LG Frankfurt am Main (Urteil vom 07.05.2020; Aktenzeichen 2-12 O 326/19)

 

Tenor

Die Entscheidung ist nicht anfechtbar.

1. Das Verfahren wird ausgesetzt.

2. Dem Gerichtshof der Europäischen Union werden nach Art. 267 Abs. 2 AEUV folgende Fragen zur Auslegung der Richtlinie 2011/83/EU des Europäischen Parlaments und des Rates vom 25. Oktober 2011 über die Rechte der Verbraucher, zur Abänderung der Richtlinie 93/13/EWG des Rates und der Richtlinie 1999/44/EG des Europäischen Parlaments und des Rates sowie zur Aufhebung der Richtlinie 85/577/EWG des Rates und der Richtlinie 97/7/EG des Europäischen Parlaments und des Rates - ABl. L 304 vom 22. November 2011, S. 64-88 - (RL 2011/83/EU) sowie der Richtlinie 2002/65/EG des Europäischen Parlaments und des Rates vom 23. September 2002 über den Fernabsatz von Finanzdienstleistungen an Verbraucher und zur Änderung der Richtlinie 90/619/EWG des Rates und der Richtlinien 97/7/EG und 98/27/EG - ABl. L 271 vom 9. Oktober2002, S. 16-24 - (RL 2002/65/EG) vorgelegt:

a) Stellen Kraftfahrzeug-Leasingverträge mit einem Verbraucher mit Kilometerabrechnung mit einer Laufzeit von 48 Monaten Dienstleistungen in dem Bereich "Mietwagen" dar und unterfallen sie deshalb dem Ausnahmetatbestand für ein fernabsatzrechtliches Widerrufsrecht gemäß Art. 16 lit. l) RL 2011/83/EU?

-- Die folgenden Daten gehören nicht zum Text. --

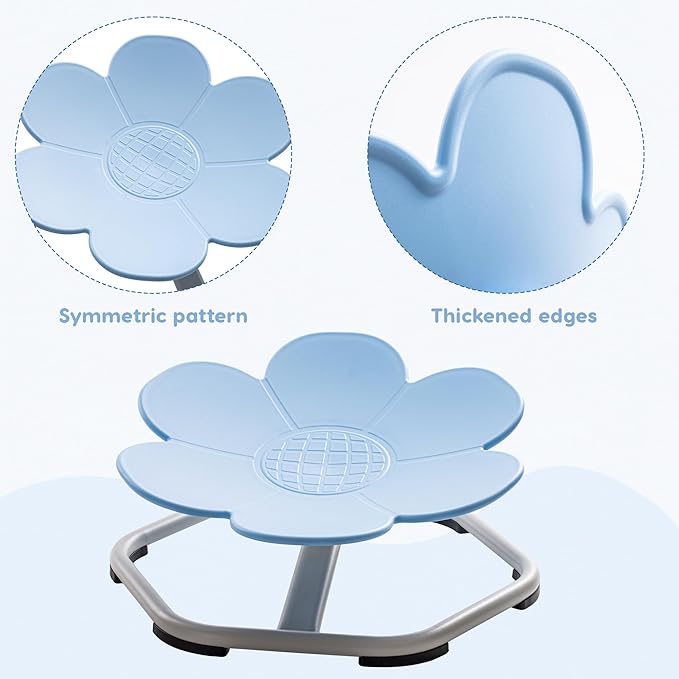 ROBUD Kids Sensory Swivel Chair, Autism Kids Swivel Chair with Non-Slip Design, Training Body Coordination, Flower Shape Wobble Chair, No Assembly, Blue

Wenn die Vorlagefrage 2a) verneint wird:

b) Stellen Kraftfahrzeug-Leasingverträge mit einem Verbraucher mit Kilometerabrechnung Verträge über Finanzdienstleistungen im Sinne vonArt. 2 lit. b) RL 2002/65/EG, die von Art. 2 Nr. 12 RL 2011/83/EU übernommen wurde, dar?

 

Gründe

I. (1) Die Parteien streiten über die Wirksamkeit des Widerrufs der Vertragserklärung, die der Kläger als Verbraucher gerichtet auf den Abschluss eines Leasingvertrags über ein Kraftfahrzeug mit Kilometerabrechnung abgegeben hat. Die Leasinggeberin ist die Beklagte.

(2) Die Parteien schlossen am 05./22. April 2016 unter ausschließlicher Verwendung von Fernkommunikationsmitteln einen schriftlichen Leasingvertrag mit Kilometerabrechnung über einen Neuwagen Modell1. Die Laufzeit betrug 48 Monate, ohne dass ein ordentliches Kündigungsrecht vorgesehen war. Der Kläger sollte ein monatliches Entgelt zahlen. Der Vertrag beinhaltete die Abtretung der aus dem Kaufvertrag abgeleiteten Gewährleistungsrechte der Beklagten gegen den Lieferanten des Fahrzeugs an den Kläger. Gewährleistungsrechte des Klägers aus dem (Leasing-)Vertragsverhältnis mit der Beklagten sind nach der vertraglichen Abrede ausgeschlossen. Der Kläger war zudem nach der vertraglichen Abrede mit der Beklagten verpflichtet, für das Fahrzeug auf seine Rechnung eine Haftpflicht- und Fahrzeugversicherung (mit Selbstbeteiligung) abzuschließen. Ein Andienungsrecht bei Vertragsende oder eine Abnahmeverpflichtung des Klägers wurden nicht vereinbart. Die Beklagte räumte lediglich eine Kaufoption zum regulären Vertragsende zu einem festgelegten Kaufpreis ein. Der Leasingvertrag enthält eine Regelung über die Laufleistung des Fahrzeugs während der Leasingzeit (15.000 km im Jahr) und die Abrechnung von eventuellen Mehr- und Minderkilometern, wobei hierfür feste Beträge vereinbart wurden. Bei Vertragsende sollte das Fahrzeug einen dem Alter und der vertragsgemäßen Laufleistung entsprechenden Erhaltungszustand aufweisen; andernfalls sollte der Leasingnehmer die übermäßige Abnutzung ausgleichen.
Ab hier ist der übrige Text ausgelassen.